→ Work instructions:
With images removed, return the whole listing exactly as written.

→ Data shown:
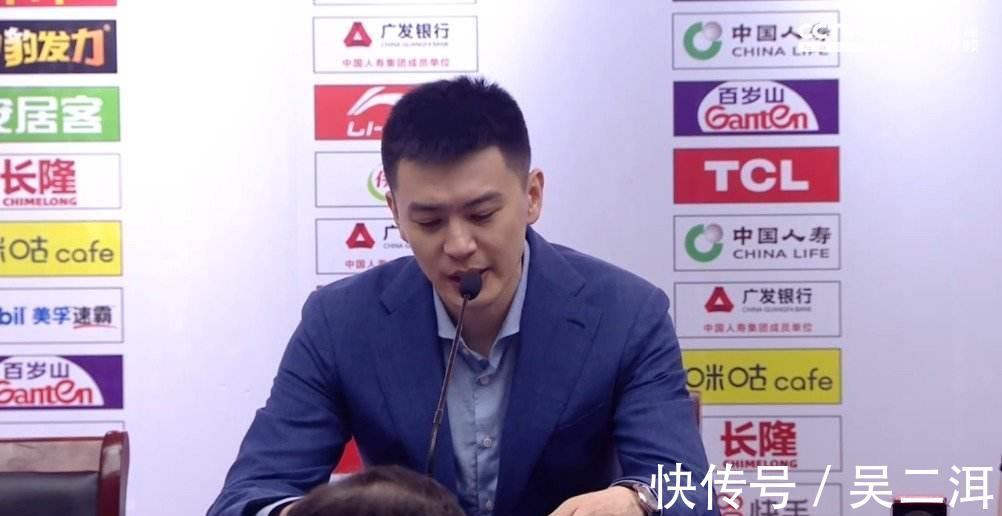 底线|杨鸣诈病挑战CBA底线受重罚,球迷不满姚明不留情面,区别对待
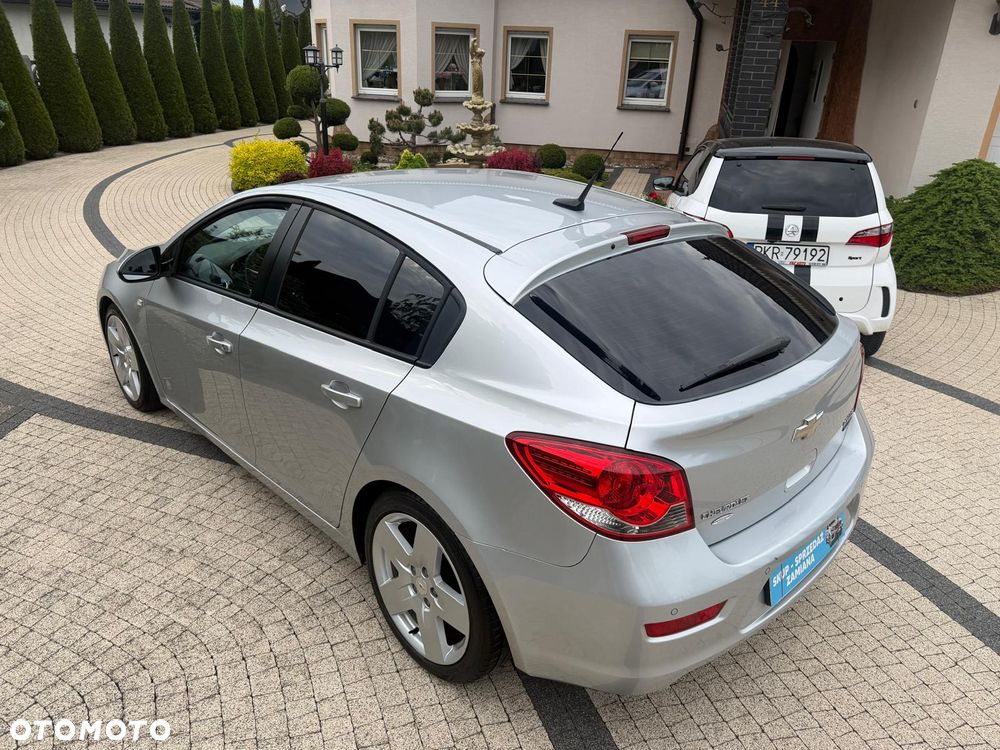 Chevrolet Cruze 2.0 LTZ - 19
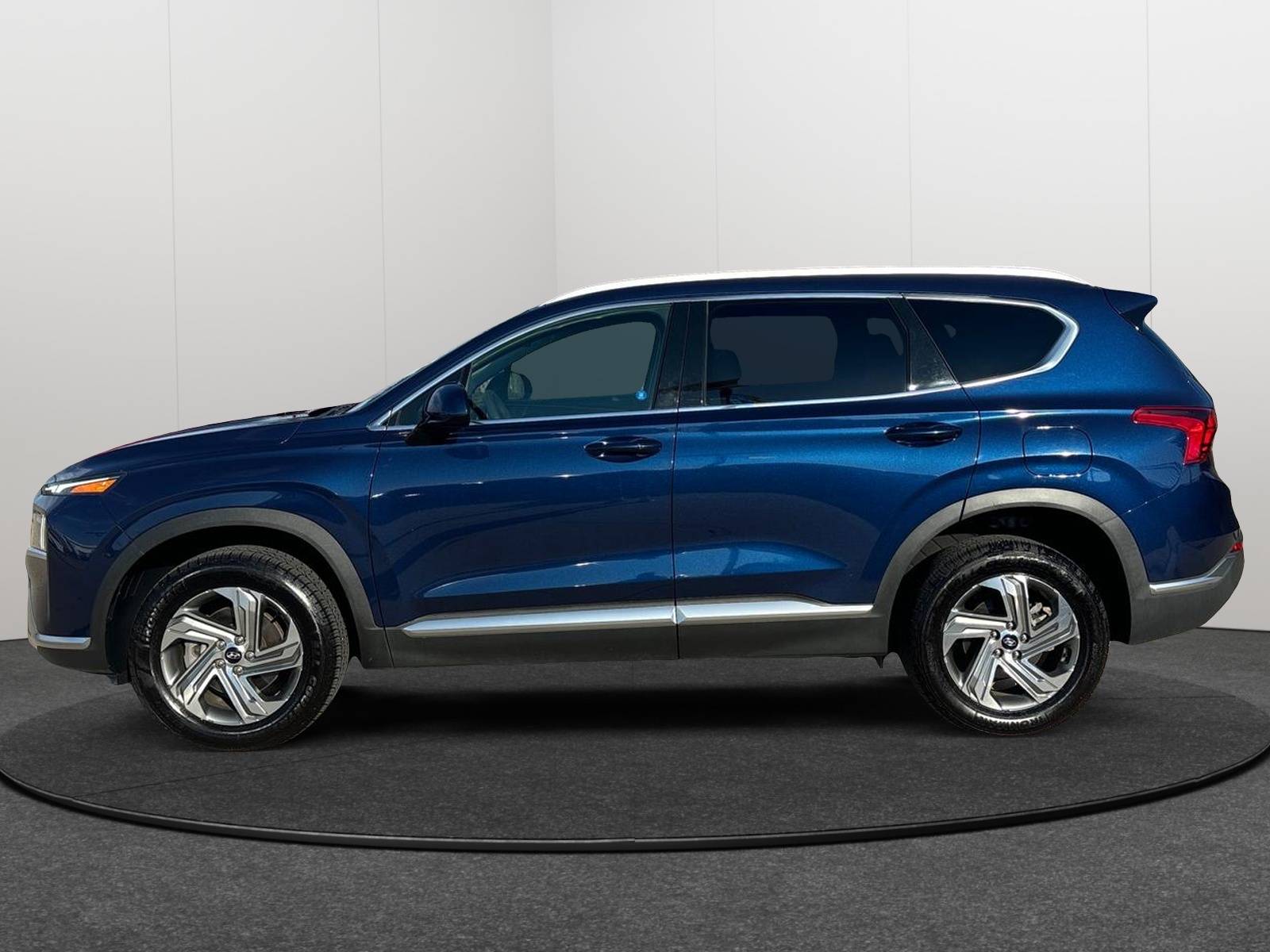 2021 Hyundai Santa Fe SEL 3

→ Written reply:
 底线|杨鸣诈病挑战CBA底线受重罚,球迷不满姚明不留情面,区别对待
 Chevrolet Cruze 2.0 LTZ - 19
 2021 Hyundai Santa Fe SEL 3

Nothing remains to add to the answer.